Williams, who transferred to UNC from Ohio State, has been in Chapel Hill only one year.

Brown said Carter and the rest of the team seem to be a little too quiet.

“You take a guy like Michael, we’ve challenged him to step up and lead. Michael’s a real good player and maybe a better person. He’s very positive. He’s very upbeat. He’s still not the most vocal guy. We’re trying get them all to just pick each other up. There’s not a guy who speaks in the offensive line. They don’t speak. Nothing. Coach (Stacy) Searels was hoarse yesterday, and he said, ‘Would somebody please start talking?”

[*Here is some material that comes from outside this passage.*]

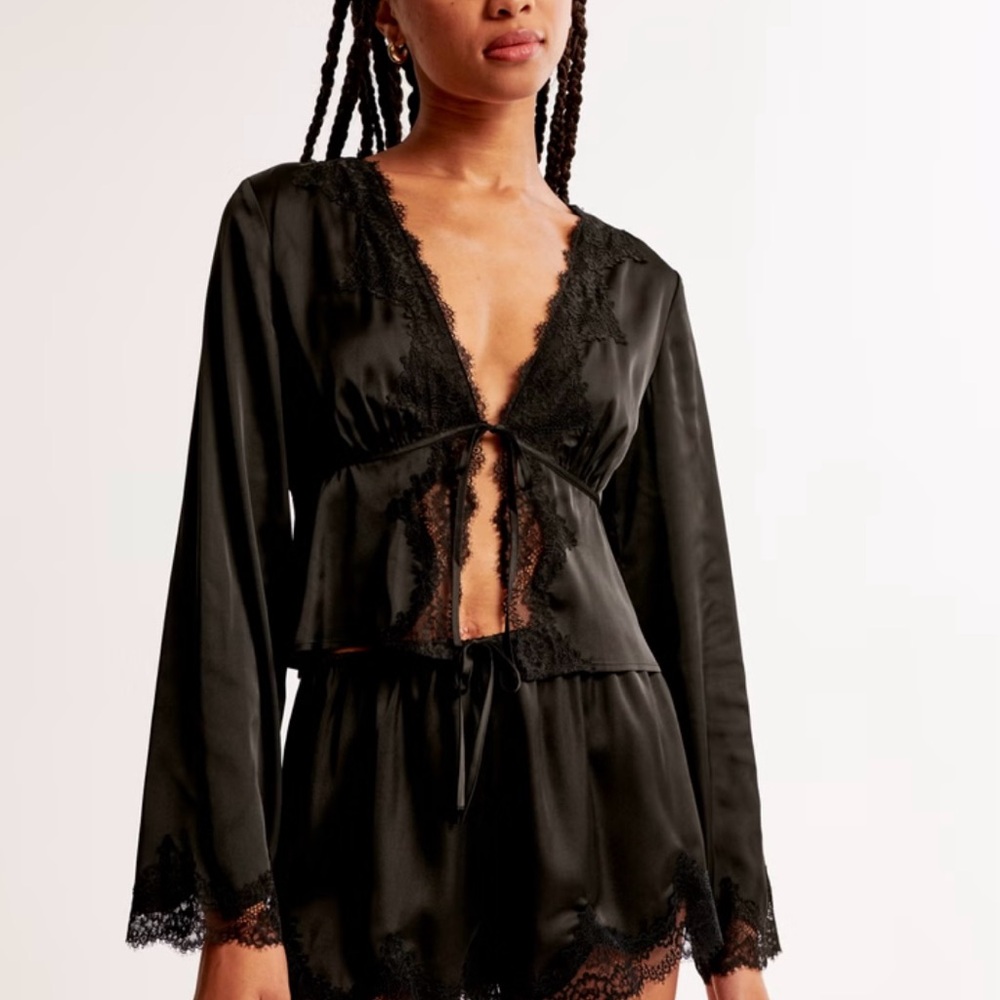 Abercrombie & Fitch Lace & Satin Sleep Top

Brown said he thought that by now at least one player on the team would stir the others up. And he fears that the past might be a little too raw. As a result, this is a team with no vocal leader. That has the staff a little concerned.

“Usually one guy stirs them all up, but right now we don’t have that guy, Brown said. “We need a guy to stir the pot with those guys. This team is quiet. It’s just a team that I think probably a lack of confidence is why they’ve been like this. Now it’s time to be aggressive and go.”

He’s waiting for somebody to say it.

Somebody other than the head coach.

The season opener is days away, and there’s an increase in anticipation for Saturday and the home opener against Miami, for which there are only a few hundred tickets remaining.

But for all of the renewed excitement around the new era at UNC, there are crickets chirping inside the Carolina football program.